Pourtant Laura n'était ni accusée, ni témoin, ni même juriste. L'exercice restait désagréable.
— Docteur Woodward ?
Elle suspendit le geste qui aurait libéré sa chevelure, prisonnière d'un chignon sévère.
Debout au milieu du couloir lambrissé, dans son imperméable couleur orage, un visage familier lui adressa un léger sourire, mi-avenant, mi-gêné.
— Docteur Slavek.
Il repoussa ses lunettes d'un doigt sur le nez, un signe d'embarras qu'elle connaissait par coeur.
— Le temps pour un café ?
En vérité, elle ne l'avait guère, mais elle le prendrait bien volontiers.
— La machine est réparée ? demanda-t-elle en se dirigeant vers lui.
Il répondit d'un haussement d'épaules et lui emboîta le pas lorsqu'elle parvint à sa hauteur. Une embrassade était hors de question, une poignée de main inappropriée. Ils s'en tinrent à la distance.
— James m'a dit qu'il y avait un percolateur dans la salle de repos du deuxième.
— Mouais. Allons en face.
Elle lui jeta un regard en biais, curieuse de sa réaction. En général, il était le plus pressé des deux : les vivants ont des impératifs que ne partagent pas les morts. Il acquiesça cependant sans se départir de son sérieux. Elle nota les cernes sous ses yeux gris, reflet de mauvaises nuits répétées. Elle n'était pas certaine de vouloir creuser le sujet : il y viendrait s'il le voulait.
— Qu'est-ce qui t'amène ? l'interrogea-t-elle comme ils atteignaient les ascenseurs.
— Erwin Prescott.
— Et ?
— Simulateur.
— Ha ! Rupert va être trop content, il en était persuadé. Les similitudes avec cette série, là... C'était grossier.
— Oui. Franchement, n'importe qui aurait pu le dire. Ils n'avaient pas besoin de moi.

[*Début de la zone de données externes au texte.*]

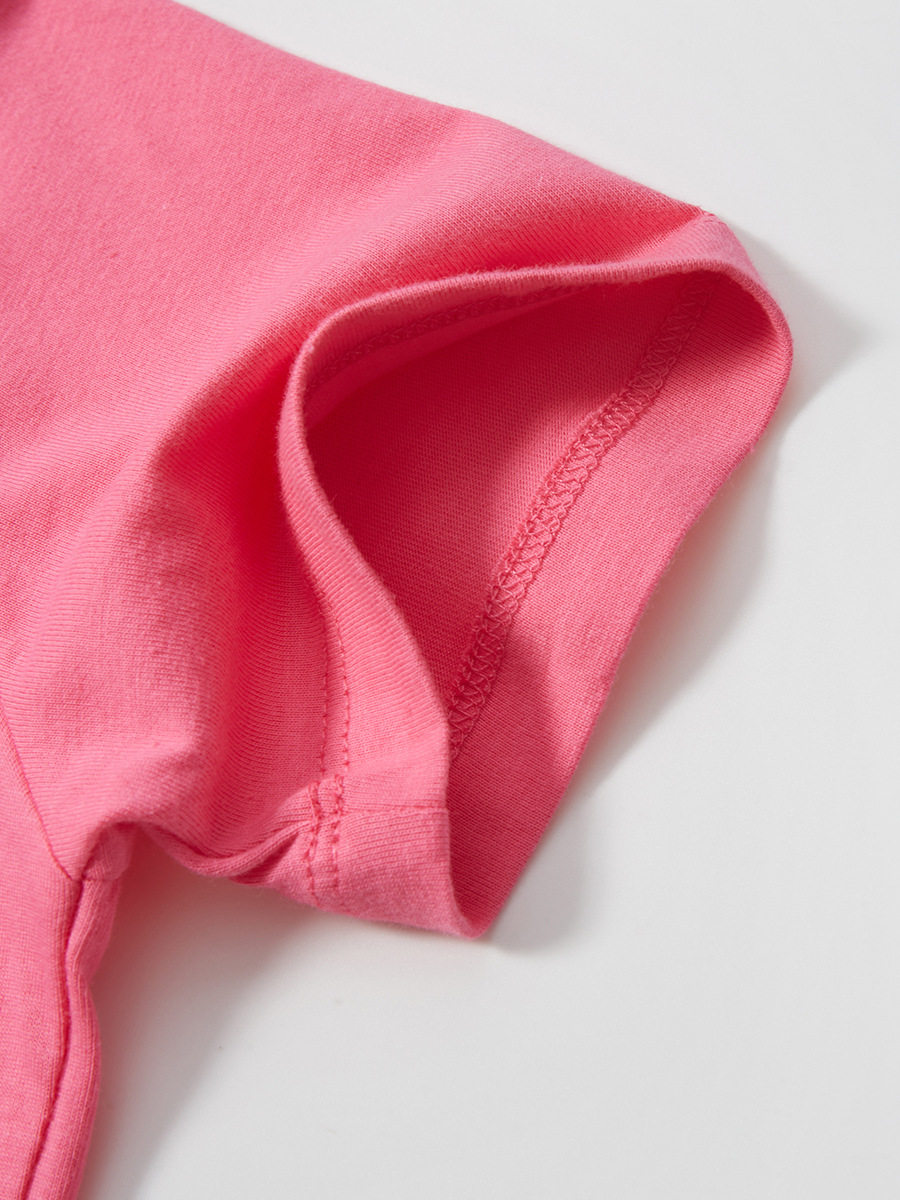 Индивидуально изготовленная футболка с коротким рукавом для девочек, летняя дышащая нижняя футболка для детей, мультяшная футболка для девочек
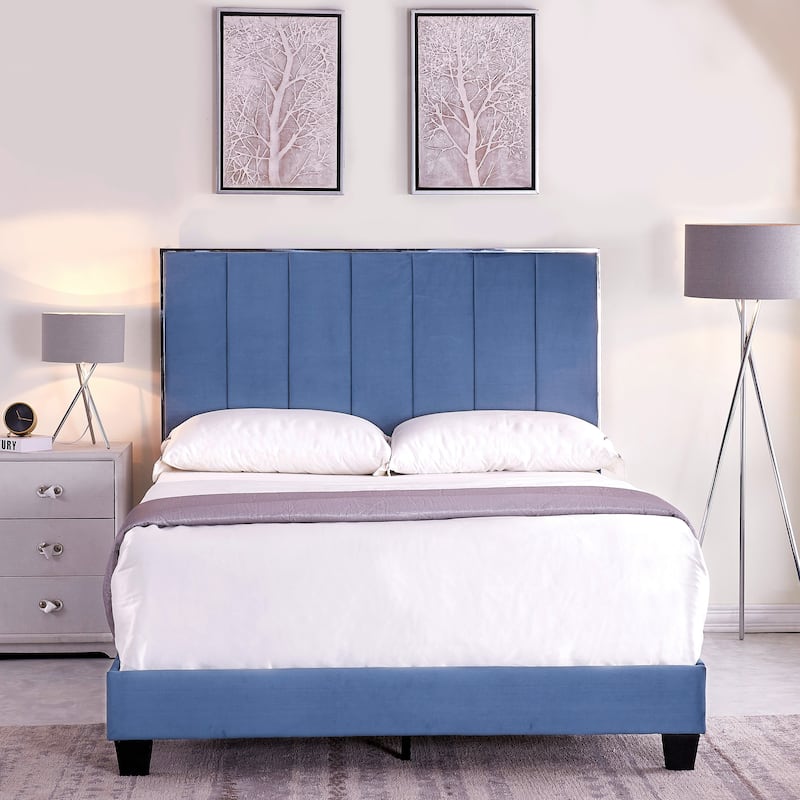 Mallory Upholstered Platform Bed by US PRIDE FURNITURE - PRUSSIAN BLUE - Queen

Ils se glissèrent à l'intérieur de la cage argentée et la présence de quelques intrus en costume guindé et toge rituelle les forcèrent au silence. Laura échangea un signe de tête avec une juge qu'elle connaissait de vue, puis songea au dénommé Erwin Prescott. Jonathan – le Docteur Slavek – pensait sans doute avoir perdu son temps, mais c'est parce qu'il n'envisageait pas les répercussions indirectes de son intervention. Les portes s'ouvrirent et les passagers se répandirent sur le marbre du hall d'entrée.
— Ça ne peut pas te faire de mal, si, d'identifier de temps en temps un simulateur ? reprit-elle une fois qu'ils furent noyés dans la petite foule des fins de matinée.
— Pourquoi ?
La surprise, prévisible, lui inspira un sourire.
— Parce que c'est rare ?
Son compagnon s'immobilisa brusquement, stupeur et fureur se disputant ses traits. Derrière eux, d'autres promeneurs s'écartèrent en maugréant, dérangés par l'obstacle imprévu.
— Jonathan, je n'ai pas dit que c'était à tort, se défendit-elle.
— Je suis expert de ces cas, s'insurgea-t-il. C'est normal qu'on fasse appel à moi pour déterminer...
Lui saisissant le bras, elle l'entraîna vers l'extérieur, la promesse de lumière, d'air frais, de pluie glacée et de grand vent.
— Je sais, lui dit-elle. Et je ne voulais pas suggérer que c'était un mal... mais je pense que le public... a besoin de constater que tu peux aussi conclure à la santé mentale... et pas toujours à la folie.
Le mot était mal choisi mais il était trop outré pour s'en formaliser. Il se laissa guider sans lui opposer grande résistance.
— J'interviens en seconde ligne, parfois en troisième, seulement quand il y a un doute... Je n'ai pas que ça à faire...
L'automne les happa dans ses griffes humides dès qu'ils mirent un pied à l'extérieur. Laura lâcha le bras de son comparse, rentra les épaules et, sans plus attendre, traversa la rue en courant, se jouant des flaques et des voitures en maraude. Elle atteignit la porte du café la première, l'entrouvrit et se glissa à l'intérieur, où le souffle brûlant des radiateurs lui empourpra les joues. Le Docteur Slavek se faufila derrière elle et ils demeurèrent un instant figés par le changement brutal d'atmosphère, frissonnants, soulagés.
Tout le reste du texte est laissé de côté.